Browder’s autobiography is an important addition to the growing field of works documenting pro-life history since the 1960s. Her knowledge of the machinations of famous anti-lifers makes her work compelling reading.
For example, twenty-first century readers need to know that Larry Lader was the rabidly anti-Catholic abortion activist who persuaded Cosmopolitan magazine and American feminists in the late 1960s to regard abortion as a right instead of an abuse of women’s bodies and the killing of unborn children (page 12).
Even though she argues that Betty Friedan at first advocated a “family feminism” that respected the rights of the unborn child (pages 29-31), Browder credits the famous former abortionist and later pro-life activist Bernard Nathanson for exposing Lader as the one who persuaded Friedan to include abortion as a right in the agenda of the National Organization for Women (page 51),
Similarly, Browder’s investigative reporter mode is evident when she documents the machinations behind the Supreme Court’s 1973 Roe v. Wade and Doe v. Bolton abortion decisions, which legalized abortion throughout the nine months of pregnancy for any reason whatsoever. The lazy legal “scholarship” behind the abortion decisions can be summarized in one striking cause-and-effect relationship: Justice Harry Blackmun relied too much on his law clerk, George Frampton, Jr., who depended heavily on Lader’s faulty and biased writings on abortion (pages 94-95). (Fortunately, Lader’s reprehensible distortion of abortion history was rectified by Joseph W. Dellapenna’s scholarly work, Dispelling the Myths of Abortion History.)
Contemporary readers will feel a range of emotions on reading Browder’s autobiography. They will be angry at the injustice that Browder experienced when she was fired from a journalism job for being pregnant (page 28). They will feel sorrow that she was persuaded into aborting a child because of economic hardships (pages 104-105). They will be astounded that her job at Cosmopolitan involved not investigative journalism, but a propaganda effort to sell the sex-without-marriage idea in almost every article she wrote (page 14 and passim).
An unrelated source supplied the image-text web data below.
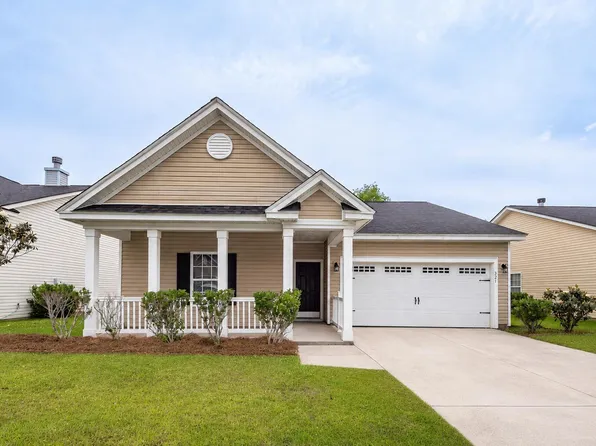 321 Killarney Trl, Moncks Corner, SC 29461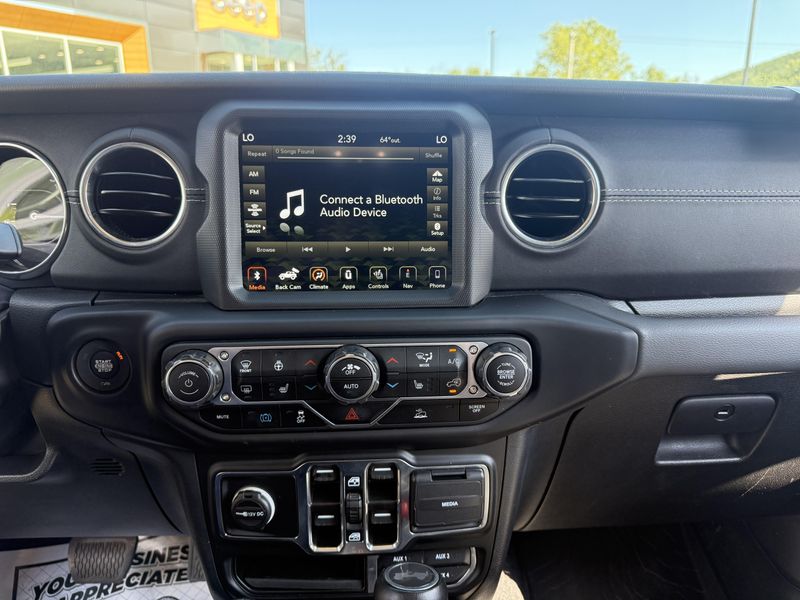 2023 Jeep Wrangler Sahara 4xe photo 14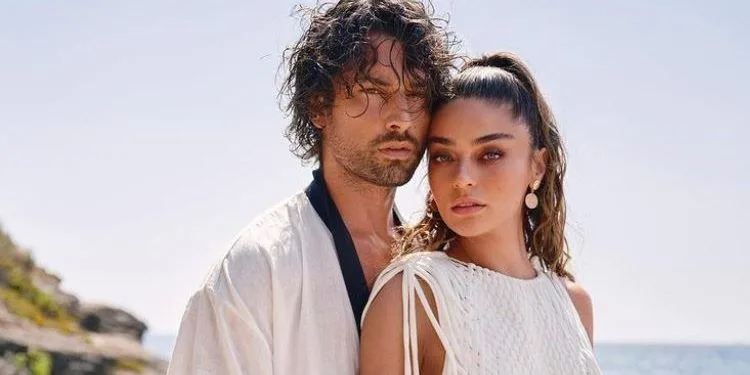 Il duo Alp Navruz e Ayça Ayşin Turan è diventato il preferito dei social media e delle riviste!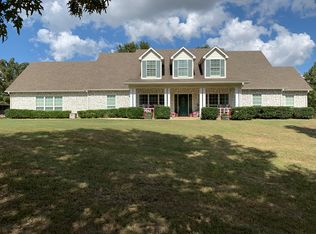 868 Farm To Market #906, Powderly, TX 75473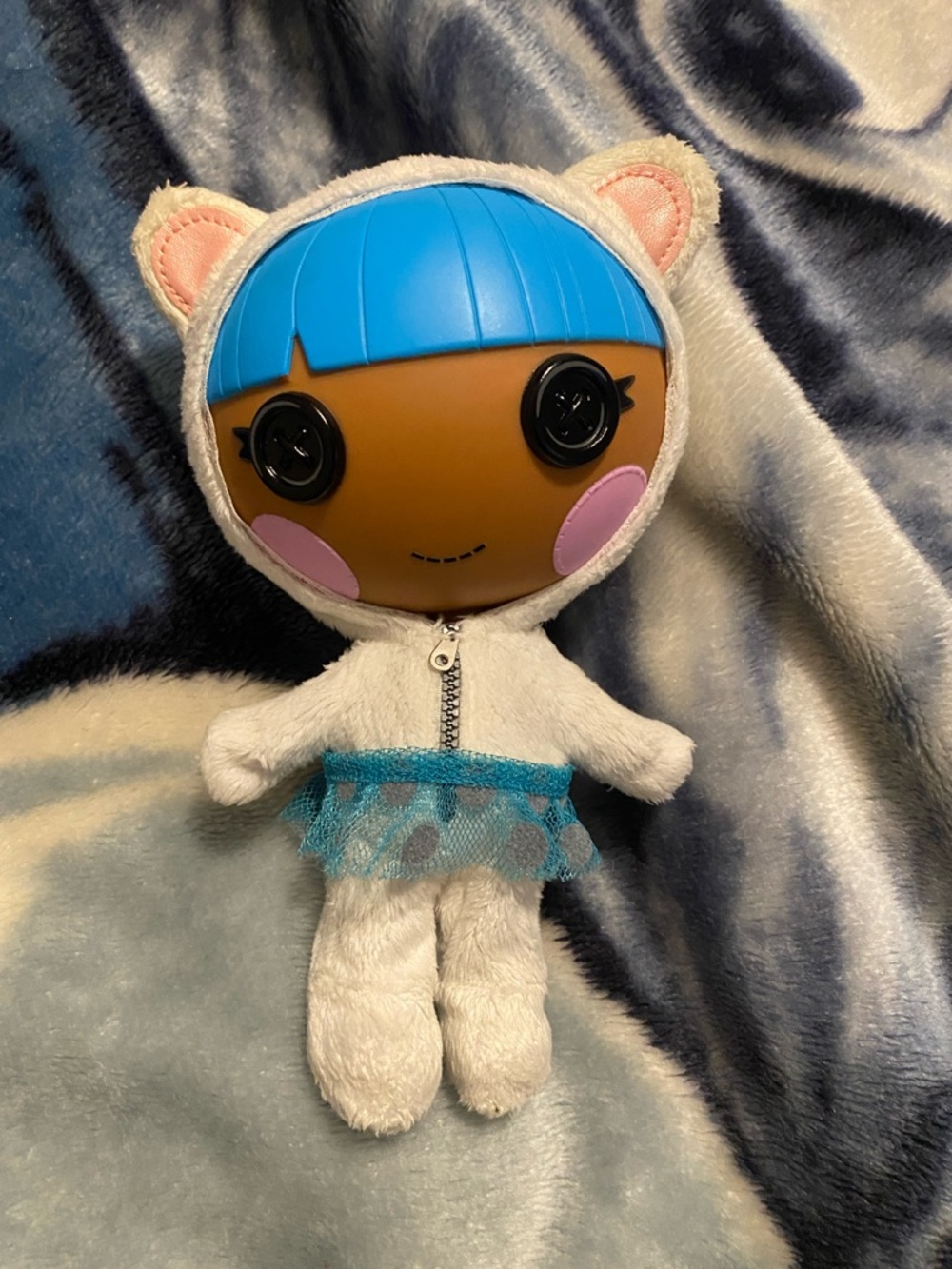 Lalaloopsy bundles fluff in stuff
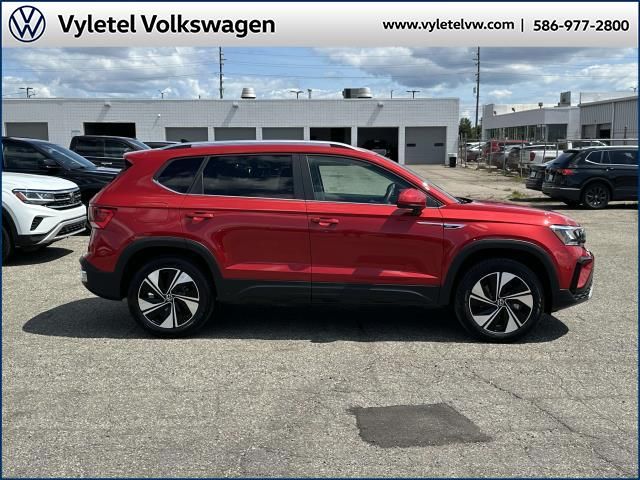 2024 Volkswagen Taos SE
But those are negative emotions. Browder’s autobiography engenders many enduring positive emotions. Today’s reader will rejoice that someone who promoted the rabid Cosmopolitan stance on sexual gratification at all costs and abortion as a “right” would ultimately convert to the pro-life perspective. Browder’s testament of love for her husband as he lay dying is a fitting conclusion to the range of positive emotions that readers will experience.
Moreover, Browder’s journey to the Catholic Church (covered in pages 176-177) makes sense because it is credible. Her story compares with other famous abortionists (like Nathanson) who converted to Catholicism as the fulfillment of their deepest desires for a life-affirming community. One passage on her conversion reads as sheer poetry: “The Church, in her all-forgiving love, is so beautiful that I feel as if I’m living inside a too-thousand-year-old poem” (186). Browder’s conversion is a delightfully happy ending to an otherwise tragic experience working among anti-lifers.
Browder’s autobiography is recommended for at least three groups: college students who need to know the beginnings of pro-life feminist history, activists who wonder if their involvement in the abortion business is a satisfactory way to find fulfillment in their lives, and Hollywood producers who want to depict the reality of a feminist who escaped the despair of a life-denying lifestyle and chose a life-affirming one.